Capital Structuring & Joint Venture Guide
Debt sourcing, equity partnerships, and joint venture structuring for CRE projects.
1. Capital Stack Fundamentals
Every CRE deal has a capital stack: senior debt, mezzanine, preferred equity, and common equity. The structure determines risk allocation, return profiles, and control rights.
Senior debt typically covers 60-75% of project cost. The gap between debt and total cost is the equity requirement — filled by sponsor equity, LP equity, or institutional partners like Canyon Partners (who Pat brought into L+O NoHo for $31M).
2. Joint Venture Structuring
JVs align a capital partner (money) with an operating partner (expertise). Structure the operating agreement to define promote splits, decision-making authority, capital call mechanics, and exit triggers.

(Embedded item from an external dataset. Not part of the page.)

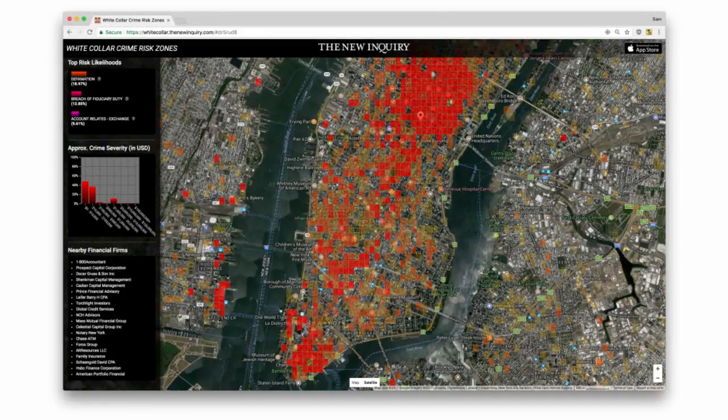Clicking on different squares gives you more information, including what types of crimes we believe will occur, as well as the severity of the crime and nearby financial firms that might be institutional suspects.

Pat structured the 1801 SMB deal as a JV between a family office (land contribution) and Cypress Equities (development expertise + capital). The family retained their land position while the developer assumed construction risk.
3. Lender Relationships
Construction lenders want to see: experienced sponsor, pre-leasing or pre-sales, adequate equity, and a clear exit strategy. Pat has sourced construction loans from Bank of the Ozarks, regional banks, and CMBS lenders.
Permanent financing replaces construction debt after stabilization. Timing the transition — typically at 80-90% occupancy — is critical for optimizing the permanent loan terms.